### TASK REQUIREMENTS
Transcribe the data exactly, pictures excluded.

### GIVEN INFORMATION
——————————

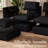 137.8" W U-Shaped Modular Sectional -574073009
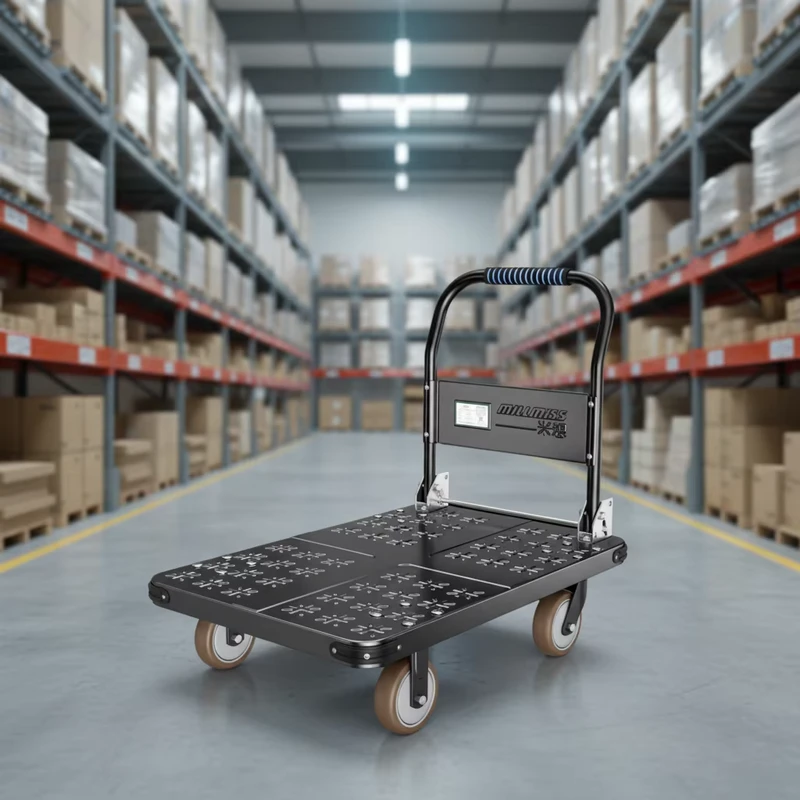 MBC 049 Long Cargo Cart Chinese Shopping Platform 300kg Platform Hand Truck Utility Cart Hand Carts Trolleys
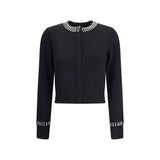 PINKO Rhinestone Cardigan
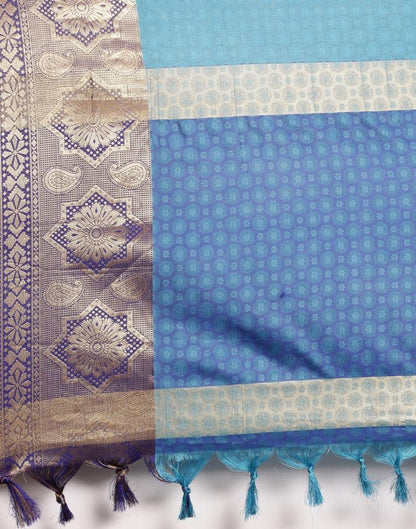 Peacock Blue Silk Saree | Sudathi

——————————

### EXPECTED ANSWER
 137.8" W U-Shaped Modular Sectional -574073009
 MBC 049 Long Cargo Cart Chinese Shopping Platform 300kg Platform Hand Truck Utility Cart Hand Carts Trolleys
 PINKO Rhinestone Cardigan
 Peacock Blue Silk Saree | Sudathi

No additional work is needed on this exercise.